§ **What is being asked**
Transcribe the listing below verbatim, omitting pictures.

§ **Exercise materials**
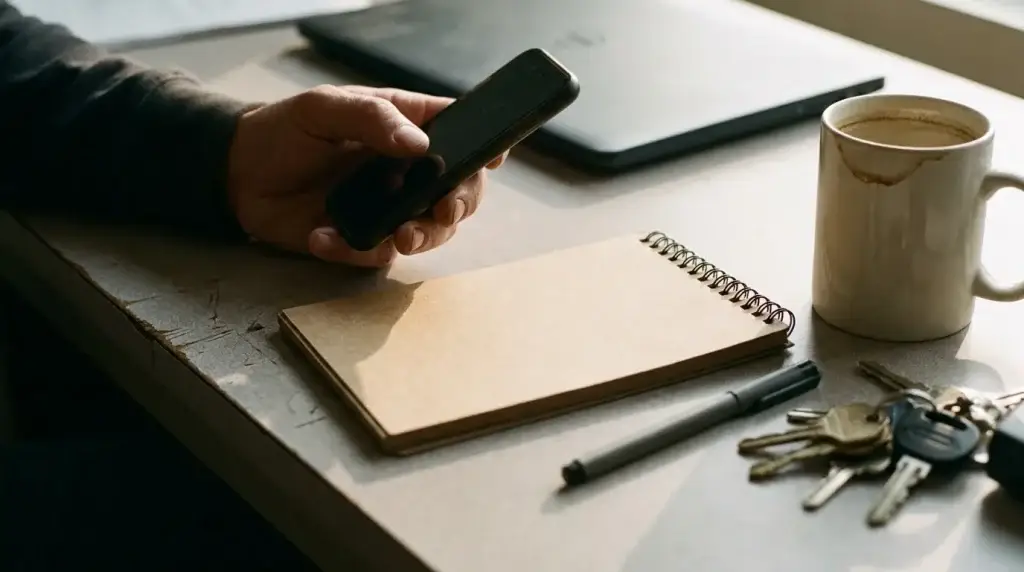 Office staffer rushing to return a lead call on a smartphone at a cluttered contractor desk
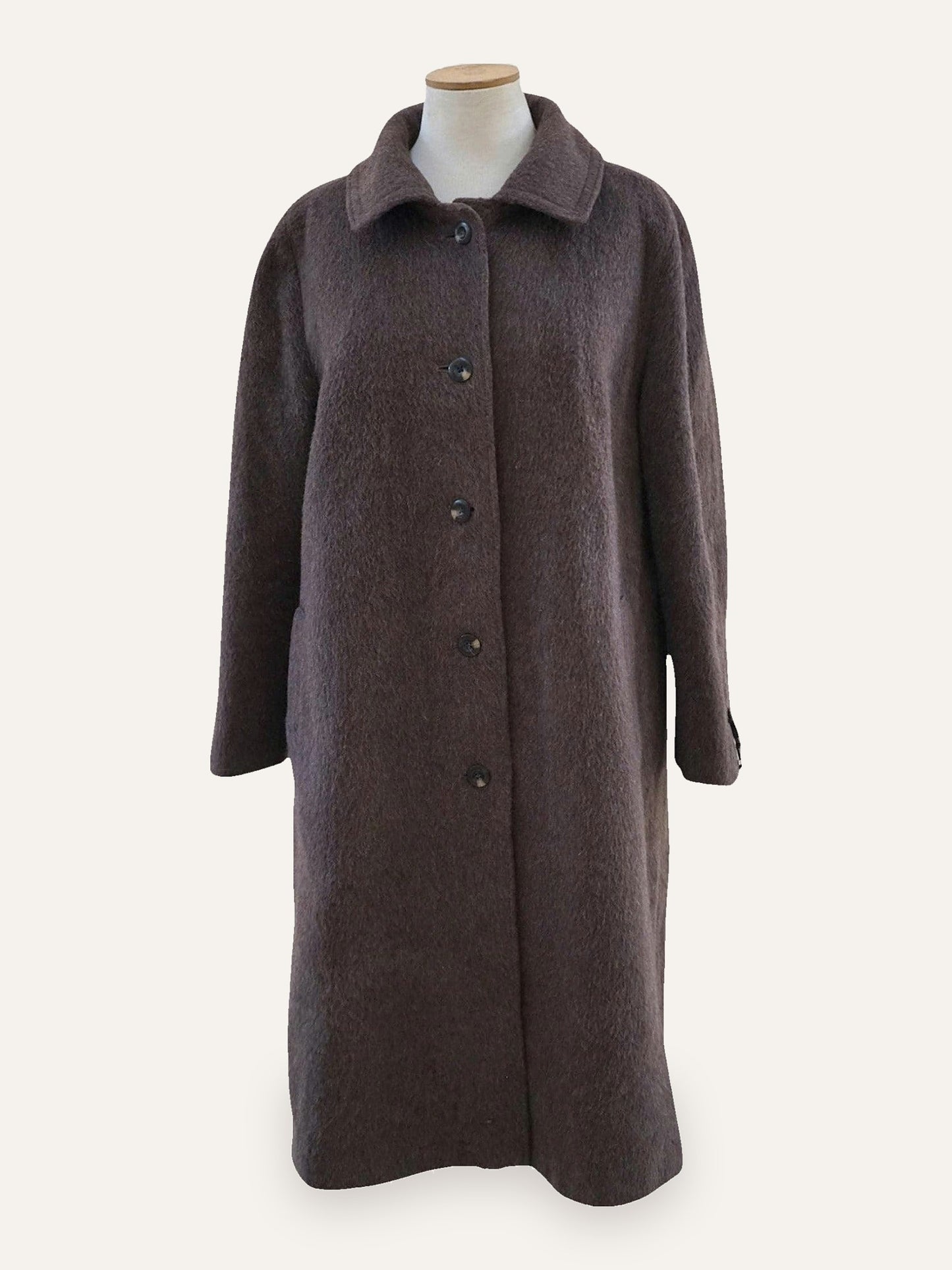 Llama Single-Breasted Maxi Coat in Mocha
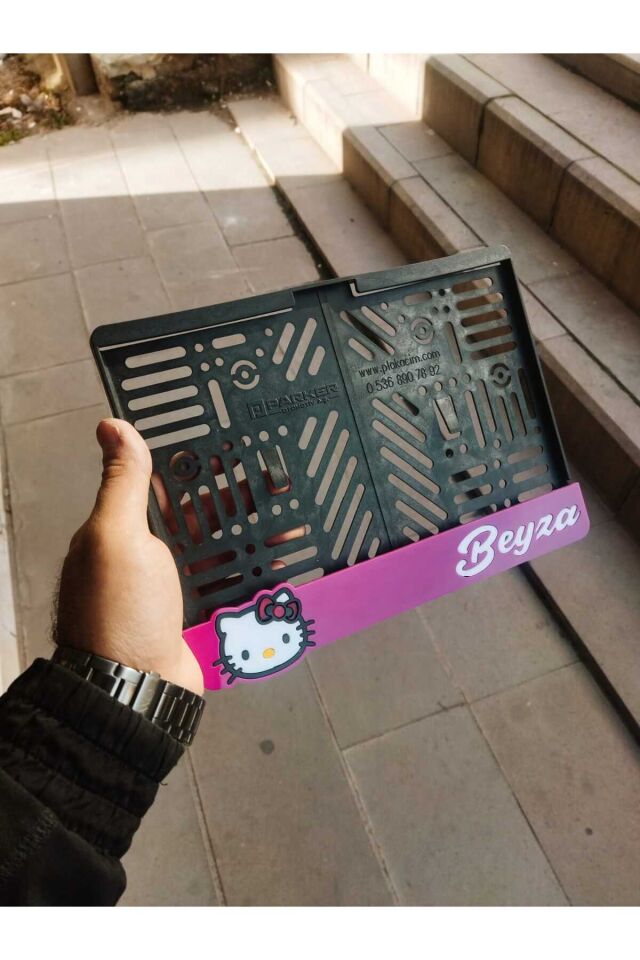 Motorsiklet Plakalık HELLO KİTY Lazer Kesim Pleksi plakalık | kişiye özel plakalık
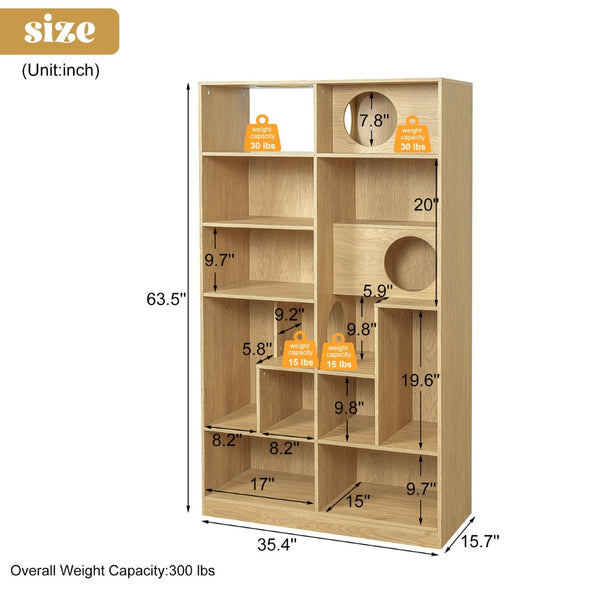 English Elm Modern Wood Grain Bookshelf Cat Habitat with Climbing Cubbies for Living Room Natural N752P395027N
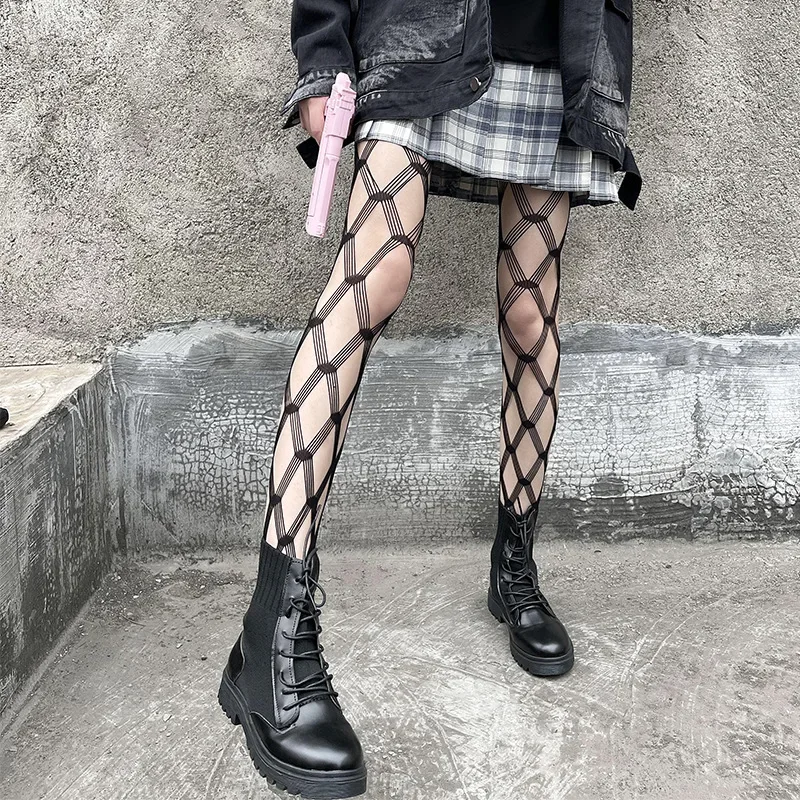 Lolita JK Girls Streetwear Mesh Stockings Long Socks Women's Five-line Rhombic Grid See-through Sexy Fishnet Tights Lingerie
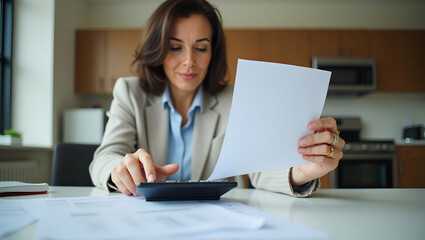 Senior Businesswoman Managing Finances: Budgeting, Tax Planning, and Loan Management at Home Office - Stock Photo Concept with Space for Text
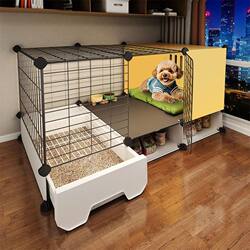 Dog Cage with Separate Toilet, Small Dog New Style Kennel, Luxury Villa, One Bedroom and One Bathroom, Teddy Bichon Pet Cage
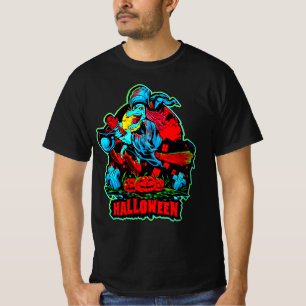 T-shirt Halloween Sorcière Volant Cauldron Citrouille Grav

§ **Task output**
 Office staffer rushing to return a lead call on a smartphone at a cluttered contractor desk
 Llama Single-Breasted Maxi Coat in Mocha
 Motorsiklet Plakalık HELLO KİTY Lazer Kesim Pleksi plakalık | kişiye özel plakalık
 English Elm Modern Wood Grain Bookshelf Cat Habitat with Climbing Cubbies for Living Room Natural N752P395027N
 Lolita JK Girls Streetwear Mesh Stockings Long Socks Women's Five-line Rhombic Grid See-through Sexy Fishnet Tights Lingerie
 Senior Businesswoman Managing Finances: Budgeting, Tax Planning, and Loan Management at Home Office - Stock Photo Concept with Space for Text
 Dog Cage with Separate Toilet, Small Dog New Style Kennel, Luxury Villa, One Bedroom and One Bathroom, Teddy Bichon Pet Cage
 T-shirt Halloween Sorcière Volant Cauldron Citrouille Grav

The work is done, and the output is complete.